Friday, October 2, 2009

simplifying perfection

I was reading a column by technology journalist for a major ( Washington DC) newspaper who listed the "important" photo editors asking for readers' selection of which one they used. The list was the common consumer Microsoft and PC based editors, but no Adobe Photoshop or Lightroom, Apple's Aperture, or the many free to expensive really good photo/image editors commonly used by many photographers. And yes, I posted a comment to that effect.

The column was about Google's Picassa upgrade, and so I went to the Web page for it, since it's available for Mac's (and yes, I'll mention again I don't have anything Microsoft on my Mac, why mess up the best computer with junk - kidding). It was interesting. The software does a lot with your images such as shows, organize, albums etc. but only a few things for the actual image.

It's not really a photo or image editor at all, but a simple click here for this change and you'll get perfect images.

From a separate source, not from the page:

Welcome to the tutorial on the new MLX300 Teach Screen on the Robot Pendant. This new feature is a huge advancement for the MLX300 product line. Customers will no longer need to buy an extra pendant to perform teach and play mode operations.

So, we're reduced to one click perfection now? I'm not arguing against simplicity with some work with images, even Photoshop and the other similar one have those, but the ones the column listed are for snapshots than real photos or images.

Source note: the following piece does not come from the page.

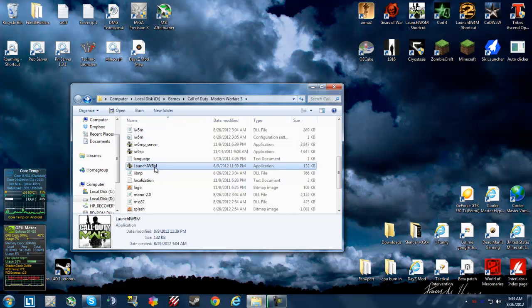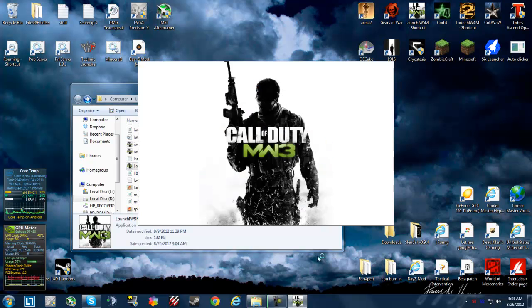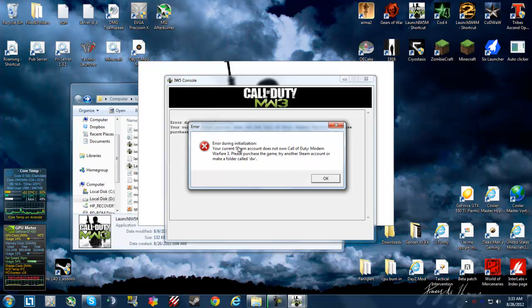It says you don't have it, as I'm about to show you right here. It opens a command prompt and it says your Steam account does not own Call of Duty.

Snobbish aren't I? Well, not really. I'm an ordinary photographer, like that's not obvious from those in my galleries. But I'm also for some intelligence with the photographer, kinda like you have to with large format photography. If perfection were just one to a few clicks, what's left and what's next?

Gee, put it all in the camera and get perfect images straight from the camera, no need for an editor. Wait, they're doing that now with some camera which fixes motion, focusing, faces, red eye, etc., all in the camera. And yes, I have two of the top end cameras along with a small collection of manual focus Minolta cameras, but I've never used automatic or program modes.

I prefer some thinking when doing my photography, like keeping my mind plugged in on the work. Now you can almost just point and shoot the camera and get "professional" quality images, like the ads try to tell you. Well, not quite, but it seems we're going in that direction, taking people out of the process.

And this is all recent, but what concerns is the generations not really learning, or really wanting to learn, photography along with taking pictures. That's not new, film point and shoot and disposable cameras have been around a few decades, and Kodak sold simple box cameras back to the early 1900's.

But now it's become that state of normal photography, everything digital and everything one click from perfection. Just click here. Knowledge, experience, understanding doesn't matter, just click and it's done. But then I remember when I got my first camera, a Minolta SRT-101 (58mm f1.2 lens) and it was simple. I also took and produced a lot of good slides with that simplicity.

But I still had to learn the rest of photography. And now you don't even need to do that. But it's why I also shoot large format, to go back even before my time and spend the time really learning and thinking. And yes, mistakes and all in the film. It's all there, the good, the bad and the (really) ugly, mostly called being really stupid.

Right or wrong, it's what I did, and not what some computer did for me. Just me. And I'm only human, a long way from perfection and certainly not one click from anything, except the shutter release hoping I got it right.